IELTS General Training Reading: Cambridge 7 Test A Section 3; A Very Special Dog; with best solutions and best explanations

IELTS General Training Reading: Cambridge 7 Test A Section 3; A Very Special Dog; with best solutions and best explanations

This General Training IELTS Reading post deals with a solution package for IELTS Cambridge 7 Reading Test A Section 3 that has a passage entitled ‘A Very Special Dog. This is an aimed post for candidates who have major problems searching for and understanding Reading Answers. This post can guide you the best to understand every Reading answer easily and without much difficulty. Finding IELTS Reading answers is a step-by-step process, and I can confidently say that this post will help you in this respect.

IELTS Cambridge 7 Test A: GT Reading Module

Section 3: A Very Special Dog

Questions 28-32:  Multiple choice questions

[This type of question asks you to choose a suitable answer from the options using the knowledge you gained from the passage. Generally, this question is found as the last question so you should not worry much about it. Finding all the answers to previous questions gives you a good idea about the title.]

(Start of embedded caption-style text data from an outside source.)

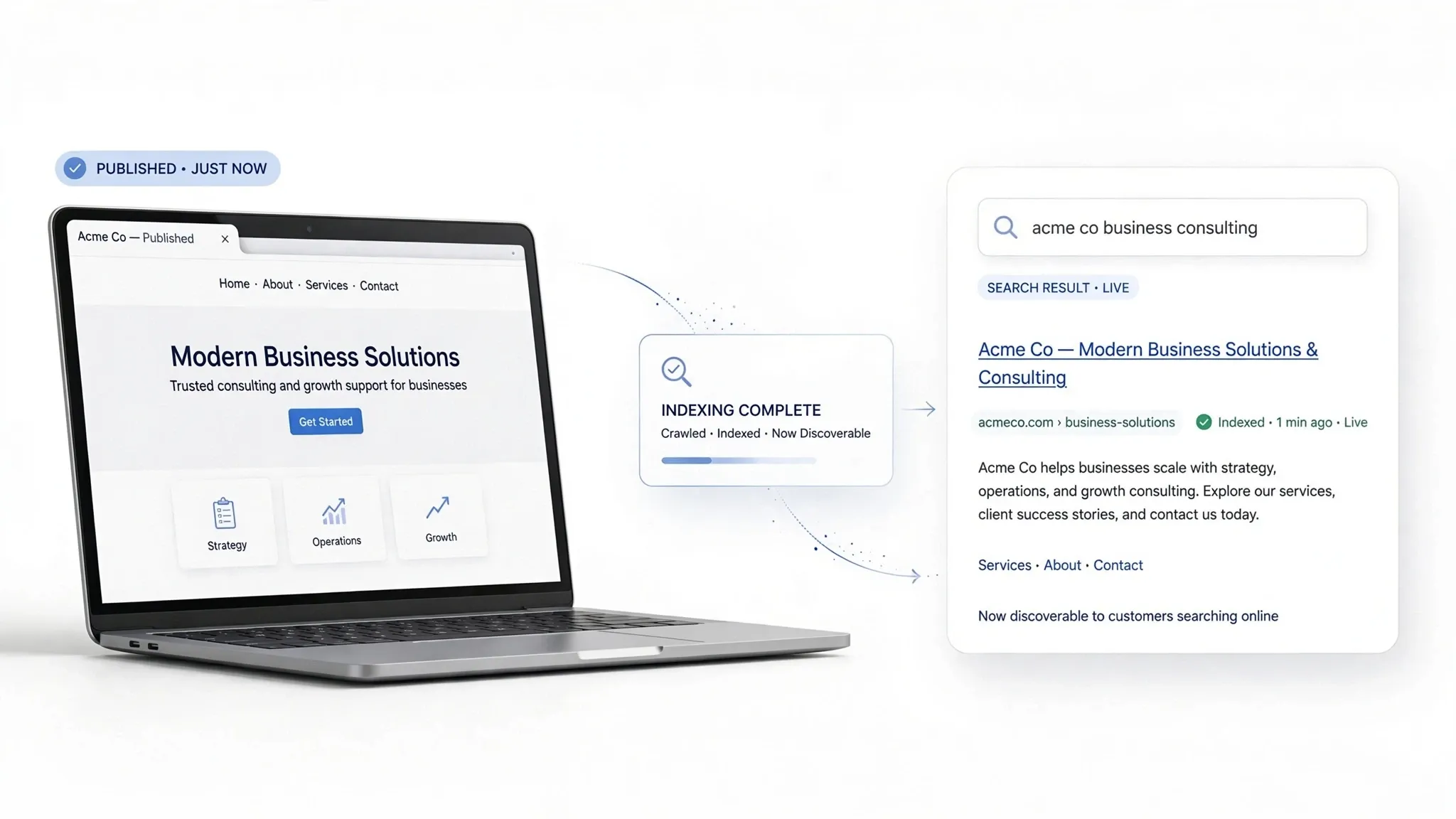 Friction-free home service contact options and short estimate forms for quick conversion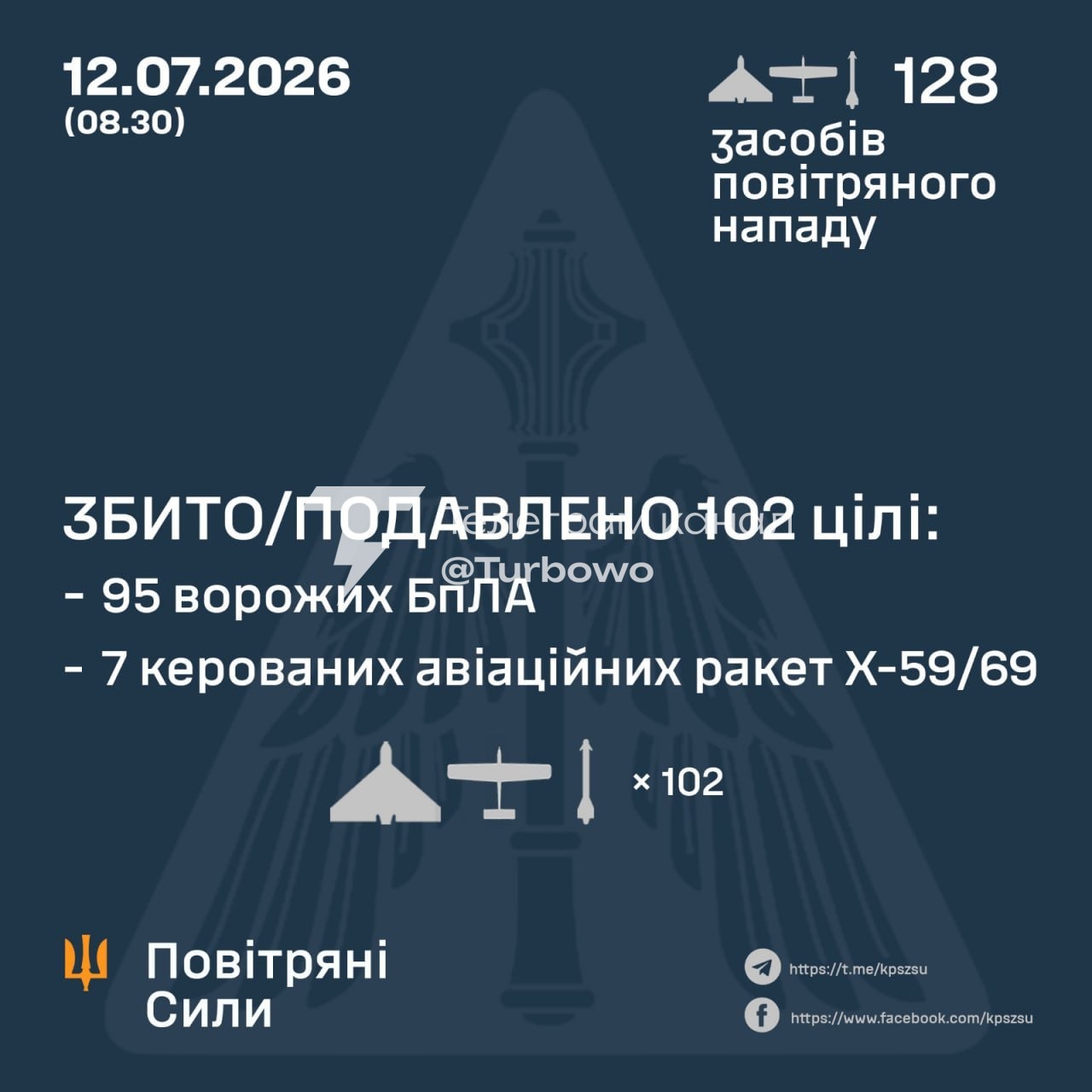 95 із 115 БпЛА та 7 із 13 ракет знищено над Україною сьогодні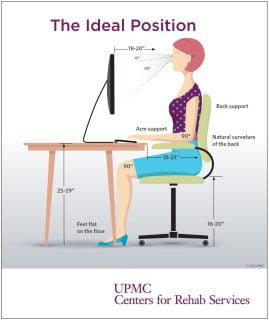 Learn how to sit in an office chair.|Sitting at desk chair properly|Classic posture chart for office chairs|Back pain from poor office chair posture|Sitting at desk and craning neck.|Meeting Chairs and materials|Lying in Office Chair reclining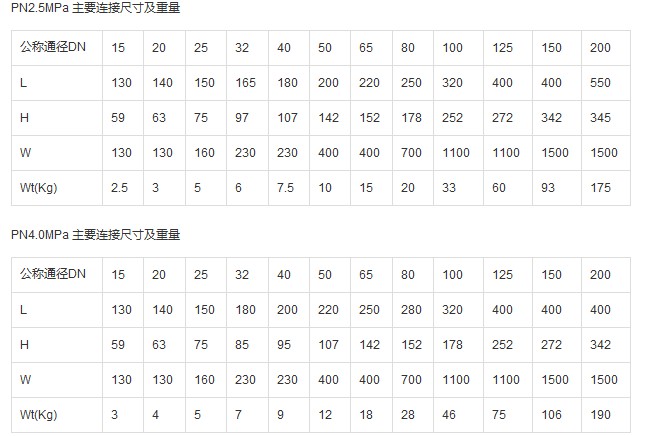 Q41F 型 PN16~PN63 浮动软密封球阀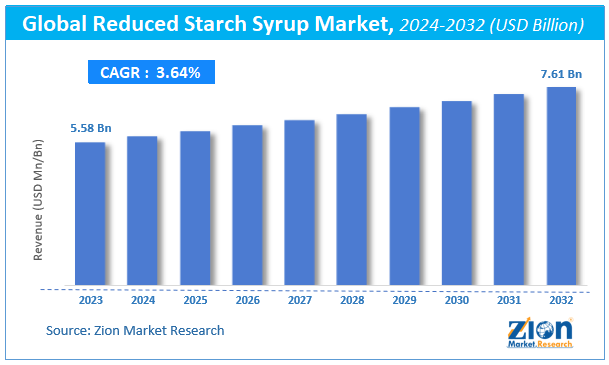 Global Reduced Starch Syrup Market Size, Share, Growth & Trends 2032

Question 28: The drugs in the suitcase –    

Keywords for this question: drugs, suitcase,

The answer can be found in paragraph no. 2 in lines 2-4, “ . . .. . is a nondescript hardback suitcase. Inside the case, within styrofoam casing, packed in loose pepper and coffee, wrapped in freezer paper and heat-sealed in plastic, are 18 kilograms of hashish.”

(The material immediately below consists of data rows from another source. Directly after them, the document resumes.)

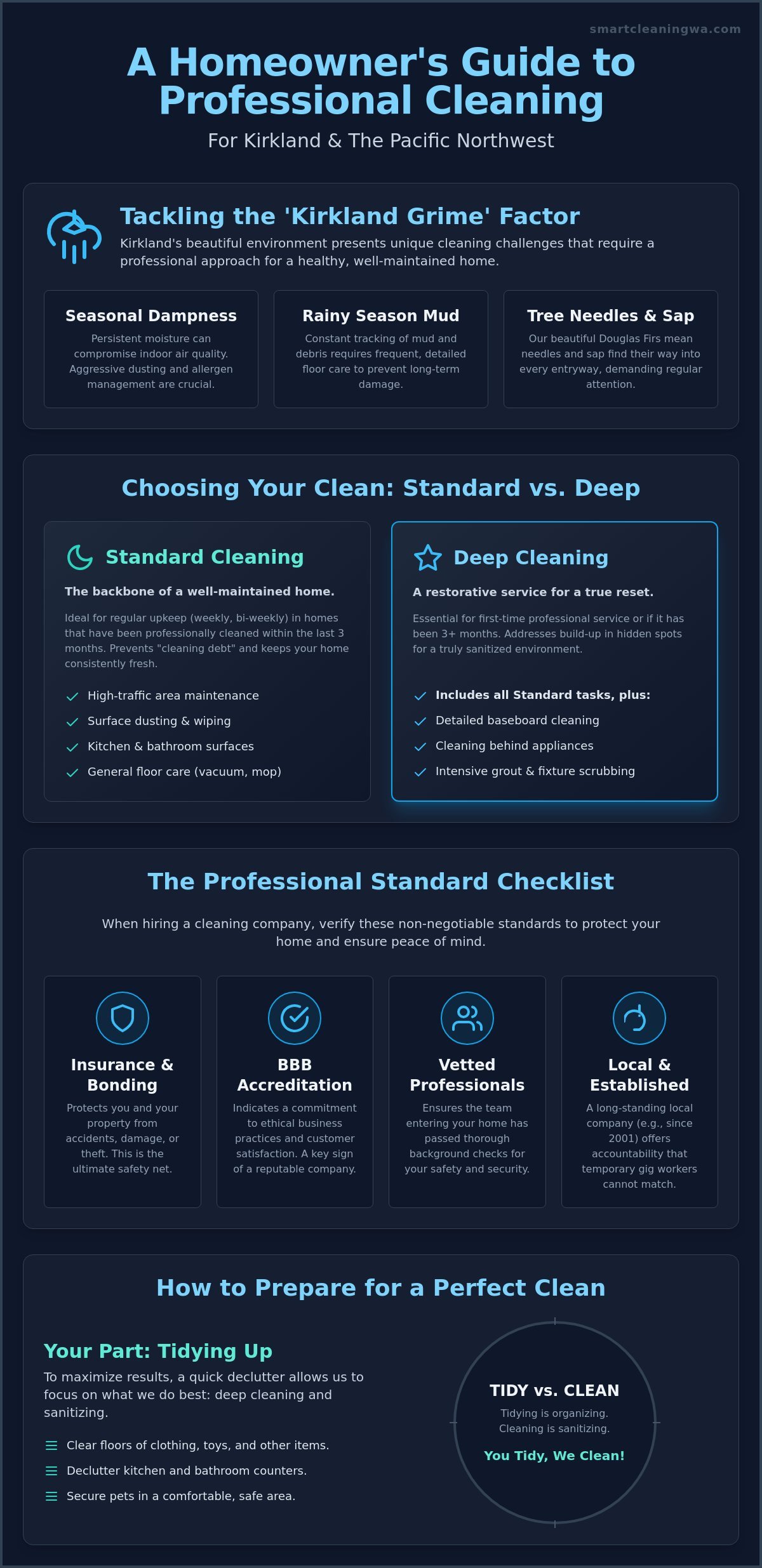 Top-Rated Cleaning Company in Kirkland Professional Service - Infographic - Smart Cleaning Service Informational infographic titled 'A Homeowner's Guide to Professional Cleaning' outlining cleaning factors, options, and standards for homeowners.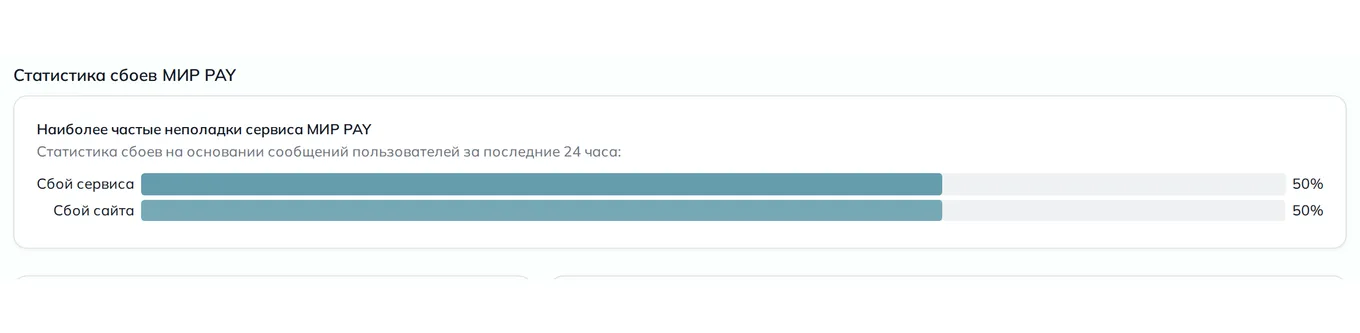 Статистика сбоев Мир Pay — неполадки, устройства и провайдеры (данные на 9 октября 2026, 18:29 МСК)
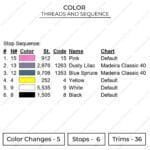 Tom Newspaper - Tom & Jerry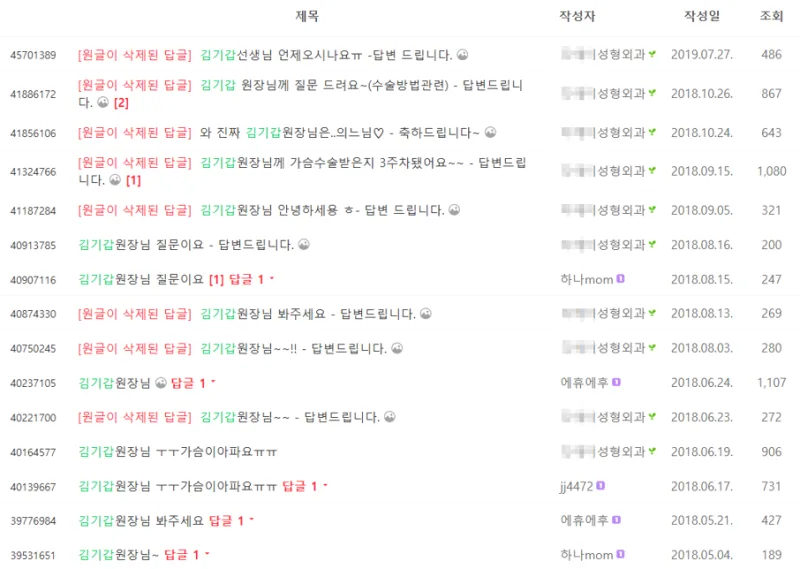 처진가슴수술, 운동/리프팅/지방이식으로 개선할 수 있을까?<3편의 논문으로 답변해 드립니다.> — 본문 이미지 21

Here, packed in = around, hashish = drugs,

So, the answer is: B (had pepper and coffee around them.)

Question 29: Most dogs are not good at finding drugs because –    

Keywords for this question: Most dogs, not good, finding drugs, 

In paragraph no. 3 the writer says, “ . .. Ordinary dogs have a 0.1% chance of making it in drug detection. The new breeding programme, run by the Australian Customs . . .. . . .”

Here, breeding programme = breeding dogs in a special way to improve their genetic qualities, 0.1% chance = not good at finding drugs, Ordinary dogs = most dogs, 

So, the answer is: D (they lack certain genetic qualities.)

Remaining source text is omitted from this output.